Дом последней надежды - Демина Карина (читать книги онлайн бесплатно регистрация .TXT) 📗
Скорее всего, связаны, поскольку во всех трех случаях имело место сначала исчезновение, а затем появление некоего объекта. Слишком много, чтобы считать это совпадением. Жаль, больше таких историй нет… определенно, он должен был бы прийти к аналогичным выводам.
Слишком мало я знаю.
Слишком…
Затылка коснулась призрачная рука, и я провалилась в сон.
ГЛАВА 43
Или не совсем сон?
Я стояла на берегу. Знакомом таком берегу. Серое море. Серые камни. Небо тоже серое, измятое. Солнце с трудом пробивается сквозь эту серость.
Дорога.
Каменистая и бугристая, отражением неба.
Я иду.
Идти тяжело. Воздух вязкий, сквозь него приходится продавливаться. А тень городской стены словно отодвигается с каждым шагом. И я останавливаюсь. Здесь и дышать-то получается с трудом.

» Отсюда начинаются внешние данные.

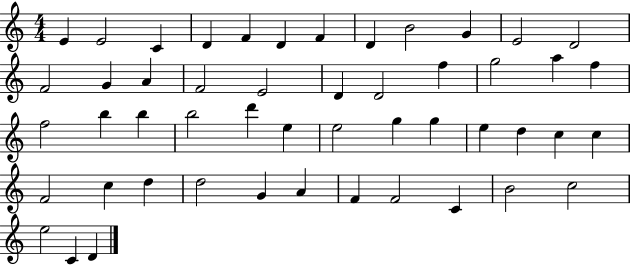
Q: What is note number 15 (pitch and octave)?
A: A4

Главное, не забыть, что это сон.
Ненастоящее.
Смех.
И девушка в белом погребальном фурисодэ. Его рукава столь длинны, что касаются земли. А ветер тревожит тонкие ленточки в волосах.
Она улыбается.
Идти не обязательно.
Зачем мне? Пусть мужчины ищут пути, им нужна война и нужна победа, ведь без сражений леденеет кровь, а старость подступает ближе. Им кажется, что пока они способны удержать в руках меч, то и бессмертны. А женщины… женщины подобны вишни цветам.
Их жизнь — мгновение.
Так стоит ли…
Стоит. Мне удается выдержать взгляд богини. И я отвечаю ей поклоном, ибо так будет вежливо. А она смеется, и от смеха небо дрожит, а дорога сама ложится под ноги. И мы идем.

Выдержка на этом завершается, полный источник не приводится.